Columnist hit with six-figure libel bill after Twitter spat
KATIE HOPKINS, the controversial columnist, faces a six-figure libel bill after losing a court battle with a food blogger over two of her social media messages.
Jack Monroe, 28, from Leigh-on-Sea, Essex, complained that the messages posted in May 2015 accused her of “vandalising a war memorial and desecrating the memory of those who fought for her freedom, or of approving or condoning such behaviour”.
Yesterday, the former Apprentice candidate was ordered by a High Court judge to pay £24,000 damages and will have six-figure legal costs. The judge said Ms Hopkins does not suggest Ms Monroe did behave in either of these ways, but he found the tweet “meant that Ms Monroe condoned and approved of scrawling on war memorials”.

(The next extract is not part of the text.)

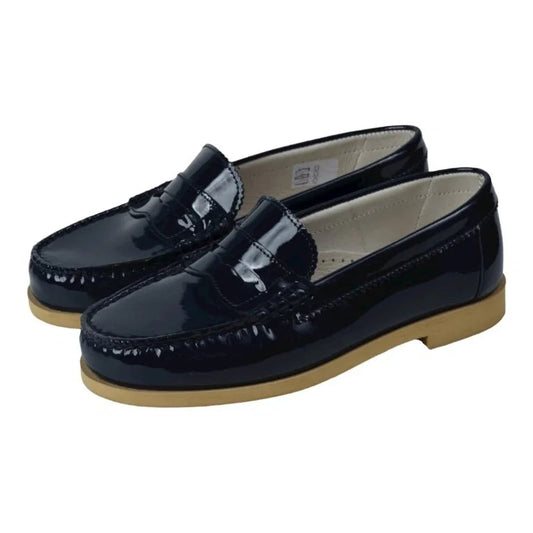 2525 - Navy Patent Girls School Loafer London Kids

Hopkins’s lawyers had argued that her tweets did not bear the meanings complained of, were not defamatory and it had not been shown that they caused serious harm to Ms Monroe’s reputation.
The case arose following the daubing of a memorial to the women of the Second World War in Whitehall with the words “f--- Tory scum” during an anti-austerity demonstration.
Jonathan Price, for Hopkins, said she had “mistakenly” used Ms Monroe’s Twitter handle instead of that of another columnist who had said she was not troubled by the vandalism.
The judge ruled that the tweets had “not only caused Ms Monroe real and substantial distress, but also harm to her reputation which was serious”.
Mr Justice Warby ordered Hopkins to pay £107,000 in costs within 28 days, with the full figure yet to be assessed.
Ms Monroe said after the ruling: “There have been many times when I have almost given up and walked away. But I started something and I had to see it through, and I have done.”